Finalmente, o próprio caráter ex tunc da nulidade pode não se aplicar, como é o caso dos casamentos putativos. Um homem que casa com a irmã sem sabê-lo, de boa-fé, não tem os efeitos do casamento anulados de forma retroativa, mas apenas a partir da anulação: ex nunc (“a partir de agora”, em latim).

CAUSAS DE NULIDADE: Ressaltamos algumas causas de nulidade elencadas pelo art. 166. Uma é a III, de motivo ilícito. Vender cocaína é um ato nulo por tratar de objeto lícito; já emprestar dinheiro para a compra da cocaína não tem como objeto a compra subsequente, mas sim o empréstimo. Não seria nulo por objeto, mas por motivo ilícito. Este motivo deve ser de conhecimento comum entre as partes.

Já a dos incisos IV e V podem se confundir, caso o leitor tenha por sinônimos solenidade e formalidade. A forma do negócio jurídico, quando prescrita em lei, é ou complexa, ou por instrumento particular, ou por escritura pública. Já a solenidade se refere a aspectos que não se resumem à forma, como a presença de testemunhas instrumentárias no testamento. Assim, um testamento realizado na forma prescrita por lei pode não atender às solenidades essenciais.

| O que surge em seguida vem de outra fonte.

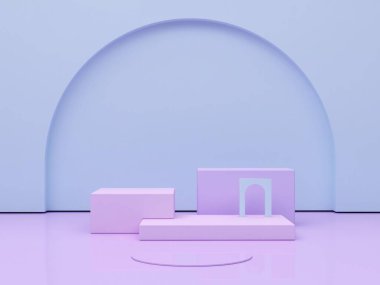 Minimal scene with podium and abstract background. Geometric shapes. Pastel colors scene. Minimal 3d rendering. Scene with geometrical forms, violet and blue forms for cosmetic product. 3d render. 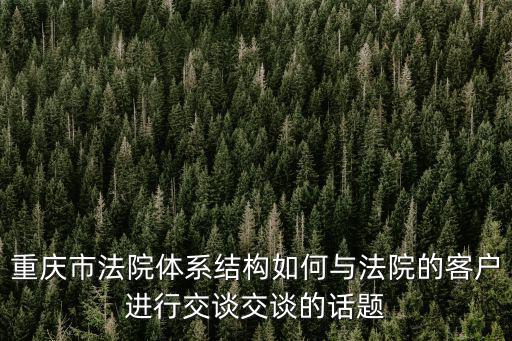 重慶市法院體系結構如何與法院的客戶進行交談交談的話題
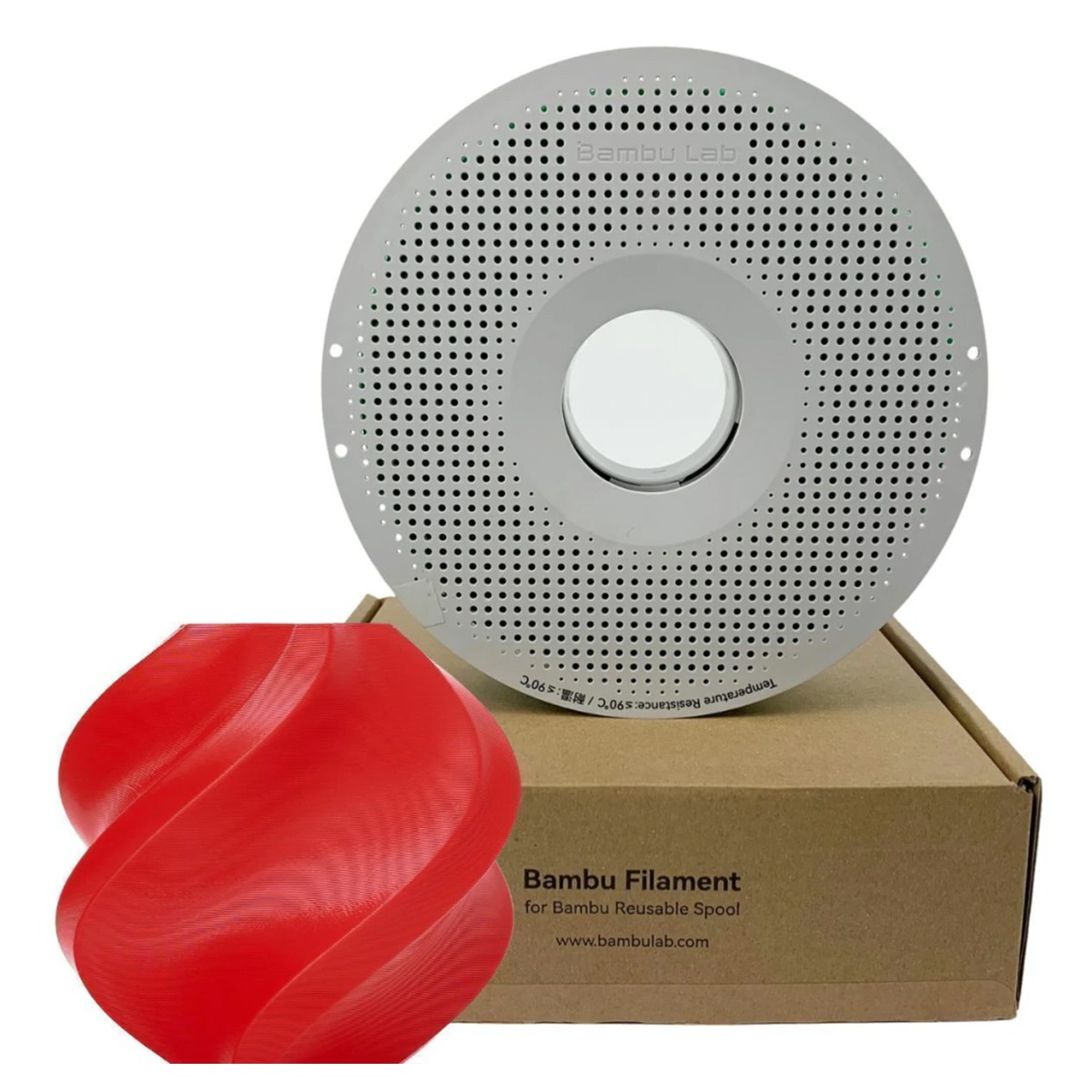 Filamento Bambu Lab TPU 95A HF, 1,75mm, 1Kg, Vermelho, Com Carretel Reutilizável, U00-R0-1.75-1000-SPL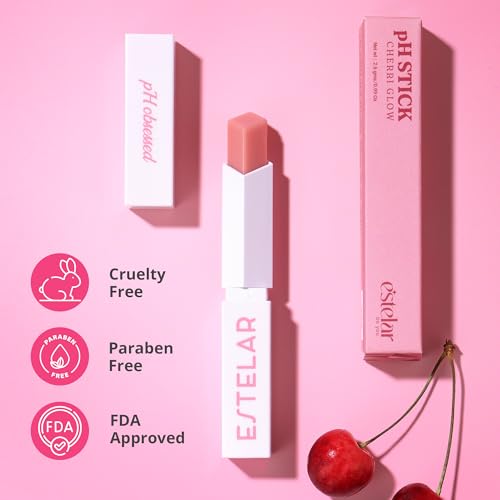 Image of Estelar pH Cherri Glow Lipstick, Color Changing Pink Lip Balm, Personalized Lip Tint pH Stick, Enriched with Sea Buckthorn, Almond and Argan Oil, Hydrating, Long-Lasting, Paraben Free, 2.6g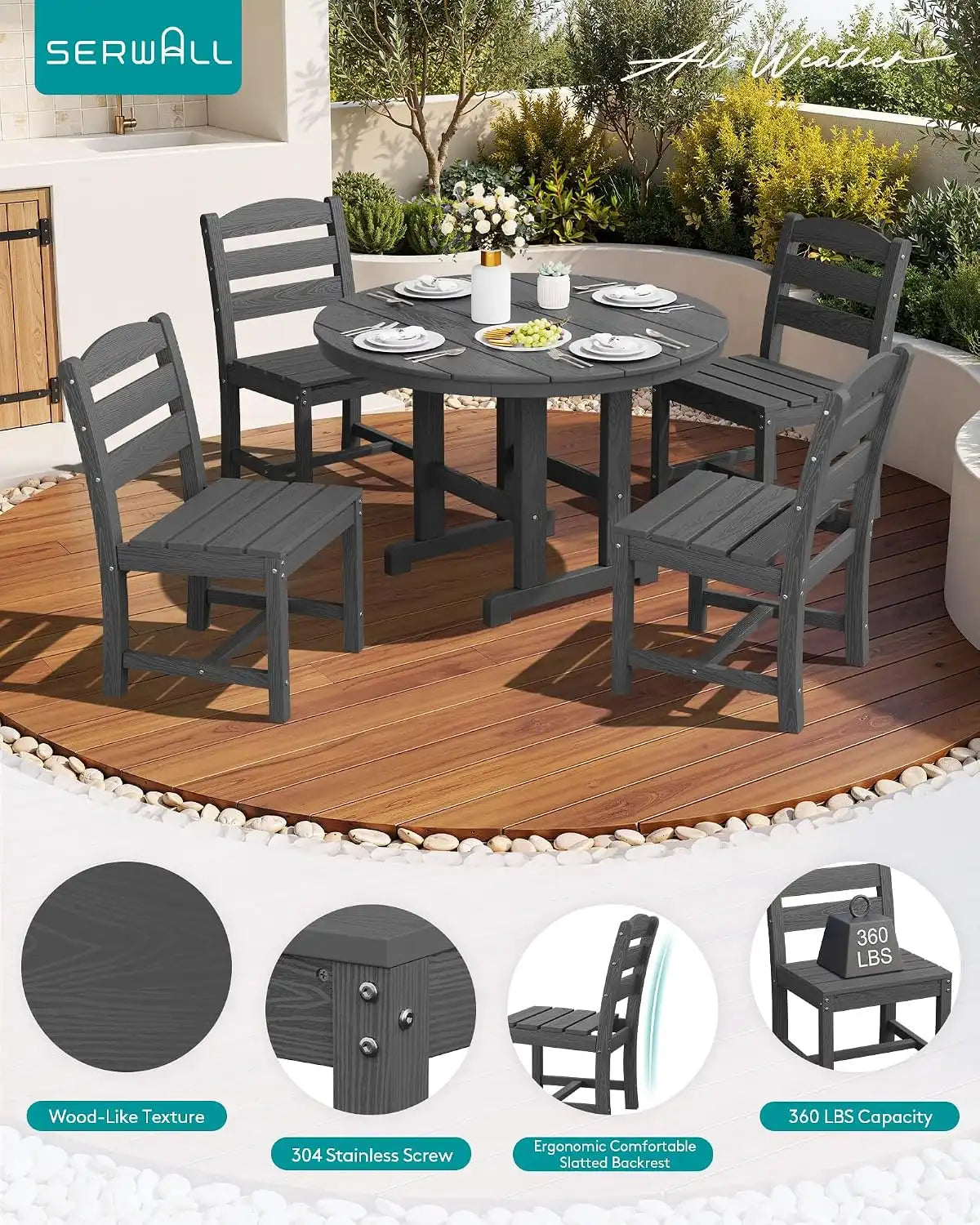 SERWALL 5-Piece Patio Dining Set, 45" Table & 4 Armless Chairs, Grey
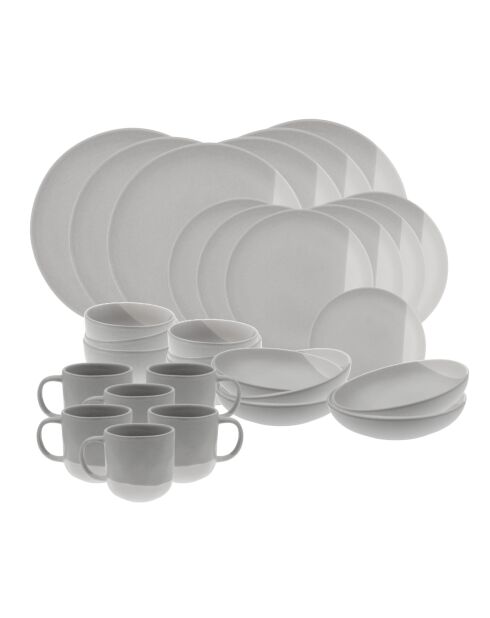Set Terre de Sienne in ceramica grigio/bianca da 30 pezzi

Finalmente, a causa de nulidade do inciso VI é de objetivo de fraudar a lei. A fraude à lei é um ato similar ao da simulação, no tocante a ambos visarem burlar a lei. No entanto, a simulação é uma mentira, um ato falso, enquanto a fraude se dá por meio de negócio verdadeiro com o objetivo último de burlar uma lei.

RECOMPOSIÇÃO: A regra de que o que é nulo não pode produzir nenhum efeito deve ser temperada, dado que a criação inválida não deixa de ser um fato jurídico que produz efeitos materiais. Assim, segundo o art. 182, há de se restituir as partes ao estado anterior à anulação, dado que a simples anulação não o fará. Trata-se da restituição ou da indenização. Em casos de revenda, por exemplo, se a venda original foi nula, a revenda também o é; e uma locação nula gera a devolução de aluguéis.

CONVERSÃO: Ainda que não se possa confirmar um ato nulo, este pode ser transformado e reaproveitado em ato de natureza diversa, quando isto não for proibido. Uma escritura pública nula de compra e venda pode ser admitida como compromisso de compra e venda, para o qual não há necessidade de escritura, e portanto o vício de forma não se aplicaria. É diferente de uma confirmação por se tratar de um ato de outra natureza, e não uma ratificação do ato já existente. Para que a conversão ocorra, o juiz deve considerar não apenas que o negócio contenha os requisitos do outro, mas que as partes teriam querido o outro caso se dessem conta da nulidade do primeiro, no evento deste.

ANULABILIDADE

A anulabilidade é a sanção mais branda, coerente com o vício menos grave — da incapacidade relativa do agente ou de vícios de consentimento ou sociais. Nestes casos, não há interesse público envolvido; apenas o privado, das partes. Além disto, os efeitos do ato se produzem até que este seja anulado — ex nunc.

INTERESSE PRIVADO: Dado o interesse privado, a anulabilidade não pode ser requerida por todos, mas apenas pelas partes ou por aqueles diretamente afetados. Da mesma forma, ela não pode ser declarada de ofício pelo juiz, com o art. 177 exigindo sentença.

CAUSAS DE ANULABILIDADE: São duas as causas de anulabilidade — a da incapacidade relativa e a dos vícios de consentimento ou sociais. Para a incapacidade relativa, admite-se a validade caso o menor minta sobre a própria idade de forma dolosa (art. 180).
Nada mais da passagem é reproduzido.